There is now an answer to at least one chicken-or-egg “Simpsons” prophesy: The episode did come first.

But then, 28 years later, came the concert.

“Simpsons” fans mixed with Cypress Hill fans on Wednesday at the Royal Albert Hall, a stately concert venue in the English capital, for a one-night-only collaboration between the London Symphony Orchestra and the American hip-hop group. Some were there for beats. Others had come to see a joke become a reality.

“We came for the meme,” said Nick Brady, 30, who was with his brother. “We stayed for the music.”

The evening had been foretold by a 1996 episode of “The Simpsons,” called “Homerpalooza,” in which Homer Simpson takes his family to a festival and then falls in with the stars.

In the TV show, a festival employee arrives in a backstage area flanked by tuxedo-clad musicians. “Who is playing with the London Symphony Orchestra?” he calls out. “Somebody ordered the London Symphony Orchestra … possibly while high? Cypress Hill, I’m looking in your direction.”

The hip-hop group huddles, whispering. Then, thinking fast, one says: “Uh, yeah, yeah, we think we did. Uh, do you know ‘Insane In The Brain’?”

“We mostly know classical,” one orchestra member says, in a posh British accent. “But we could give it a shot.”

The episode’s ensuing jam session is not half bad: A violinist furrows his brows in concentration and then the orchestra lets rip.

The recreation on Wednesday wasn’t the first time that something featured in “The Simpsons” has seemingly spilled over into real life.

The show, which started in 1989 and has run for 35 seasons, seemingly augured Donald Trump’s presidency, the Higgs boson discovery, the Capitol riots and maybe even the 9/11 attacks.

But the Cypress Hill joke took on a new life in 2017, when the band posted the clip on X, then Twitter. To their surprise and delight, the London Symphony Orchestra replied.

Then, the networking began.

“Let make something happen for real,” the band replied, adding a brown fist-bump emoji.

“YES,” the orchestra answered, with its own fist-pump (in yellow, like the Simpsons).

The rest, said Mario de Sa, who runs external engagements for the orchestra, is history. And the sound inside the concert hall was immense.

“It’s loud, which is not what we’re used to,” he said, laughing. “I mean, orchestral shows can be loud. But not this loud.”

There were also more neck tattoos and vapes than usual at the Royal Albert Hall, which Queen Victoria opened in 1871 as a tribute to her late husband.

There were more lit joints, too.

“I wanna get high,” Cypress Hill sang, with the London Symphony Orchestra behind them, bows moving in unison.

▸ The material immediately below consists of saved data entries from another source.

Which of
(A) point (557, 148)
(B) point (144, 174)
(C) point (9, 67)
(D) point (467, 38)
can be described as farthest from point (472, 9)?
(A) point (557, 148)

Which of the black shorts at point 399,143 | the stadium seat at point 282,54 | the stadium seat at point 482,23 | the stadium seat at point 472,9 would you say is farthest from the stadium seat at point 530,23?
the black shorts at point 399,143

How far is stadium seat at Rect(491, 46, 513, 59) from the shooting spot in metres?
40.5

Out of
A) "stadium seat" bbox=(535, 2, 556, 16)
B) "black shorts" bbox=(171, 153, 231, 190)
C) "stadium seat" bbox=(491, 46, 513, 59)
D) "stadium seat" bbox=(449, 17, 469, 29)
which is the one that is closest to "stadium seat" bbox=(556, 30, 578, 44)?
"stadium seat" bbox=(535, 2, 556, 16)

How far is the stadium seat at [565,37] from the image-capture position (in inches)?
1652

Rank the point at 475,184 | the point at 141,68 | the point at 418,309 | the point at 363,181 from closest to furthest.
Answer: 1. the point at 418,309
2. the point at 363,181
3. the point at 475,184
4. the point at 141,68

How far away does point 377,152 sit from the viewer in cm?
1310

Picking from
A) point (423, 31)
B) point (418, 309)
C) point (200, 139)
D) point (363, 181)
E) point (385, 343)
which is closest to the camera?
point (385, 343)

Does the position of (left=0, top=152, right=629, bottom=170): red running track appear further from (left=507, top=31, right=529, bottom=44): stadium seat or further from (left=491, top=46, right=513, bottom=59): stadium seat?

“So high,” the crowd sang back, beer sloshing out of their plastic cups.

Then the musicians breezed into the next track on “Black Sunday,” their 1993 album, which got three Grammy nominations and sold more than three million copies.

Josh Weinstein, a “Simpsons” executive producer who oversaw the “Homerpalooza” episode, said by phone that the joke hung on the colliding of worlds.

Cypress Hill, a pioneer of West Coast hip-hop, is known for its stoner rap aesthetic. (“Hits From the Bong” is another classic.) That’s a far cry from the famed British ensemble: “The London Symphony Orchestra sounds like the fanciest, stuffiest orchestra in the world,” Weinstein said.

In reality, the orchestra regularly dips into pop, rock, gospel music and other genres. It commissioned a piece from Soweto Kinch, a jazz saxophonist and rapper, which it performed last year at Printworks, a London dance music venue. The orchestra’s musicians have also accompanied Frankie Valli and The Four Seasons, Grizzly Bear and Devonté Hynes, among others.

“It’s all about finding new ways of bringing orchestral music to a different audience,” de Sa, the external engagements manager, said.

And it’s hardly the first nontraditional classical event at the Royal Albert Hall, either, said Matthew Todd, the Hall’s director of programming. The venue has long pushed to welcome more diverse audiences, sometimes with film scores.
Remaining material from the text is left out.